4 Evidence from Attention-Getting Calls

There is considerable inter-individual variability in the attention-getting calls that chimpanzees use when they are soliciting the attention of humans (reviewed by Hopkins et al. 2010, 2011). Recently, Taglialatela et al. (2012) have demonstrated that offspring of captive chimpanzees tend to acquire and use the attention-getting calls of their mothers—significantly more so than their siblings, who were equally related to their mothers, but raised apart from them. Taglialatela (2012) identified six attention-getting calls in their sample (see their Table 1, p. 499):

  • extended grunts (voiced, atonal sounds produced by the chimpanzees with an open mouth);

  • kisses (produced by inhaling air through pursed lip);

  • lip smacks (produced by placing upper and lower lips tightly together then pulling them apart quickly, making an audible “pop” sound);

  • pants (audible, rapid, rhythmic sequence of inhaling and exhaling);

  • raspberries (produced by blowing air out through pursed lips); and

  • teeth chomps (produced by clacking teeth together so that the hitting together of upper and lower jaws is audible).

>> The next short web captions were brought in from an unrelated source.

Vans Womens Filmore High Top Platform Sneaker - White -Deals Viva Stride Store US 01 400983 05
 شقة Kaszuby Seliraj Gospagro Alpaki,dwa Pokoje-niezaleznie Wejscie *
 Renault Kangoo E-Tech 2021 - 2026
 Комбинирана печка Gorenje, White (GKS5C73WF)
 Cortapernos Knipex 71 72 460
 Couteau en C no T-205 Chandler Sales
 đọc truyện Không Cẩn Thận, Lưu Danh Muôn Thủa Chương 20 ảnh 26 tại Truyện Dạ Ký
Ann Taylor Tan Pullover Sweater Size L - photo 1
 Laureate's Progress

For purposes of the present argument, note that only extended grunts appear to be voiced, whereas the other 5 call types are all produced by supralaryngeal modification of the airstream. The most significant aspect of these calls, from the standpoint of this chapter, is that, with the exception of the extended grunts, they are used both in the wild and captivity in association with grooming (e.g., Ghiglieri 1988; Goodall 1986; de Waal 1982). Although we currently lack the data to address this question directly, our impression is that these calls, when used in attention-getting contexts, are amplified versions of the softer calls used during grooming sessions by chimpanzees. In more recent work, Russell et al. (2013) demonstrated that some chimpanzees can be trained to display novel attention-getting calls; thus, not only is there a growing body of a posteriori evidence consistent with the view that attention-getting calls are socially learned, this latest study is a direct, prospective experimental demonstration of this capacity in chimpanzees.

5 Evidence from Patchy Distribution of Calls

Another category of evidence for flexibility in calls is the emerging evidence for geographical differences in call repertoires (van Schaik et al. 2003; Wich et al. 2012). The inclusion of calls in some locations, and its absence in others, in the same species, suggests that there is a social, learned component to some calls. This is a different phenomenon from group-based geographical differences in the acoustic structures of calls that are, themselves, displayed across groups, which is well established among some birds (e.g., Barrington 1773; Darwin 1871) and has more recently been widely reported among primate species (e.g., Crockford et al. 2004; Green 1975; Marshall et al. 1999; Wich et al. 2008). There is increasing evidence that call repertoires are geographically distinct in two distinct ways: categorically different call repertoires, in which specific calls are present or absent in different populations, and contextually different uses of calls in different populations.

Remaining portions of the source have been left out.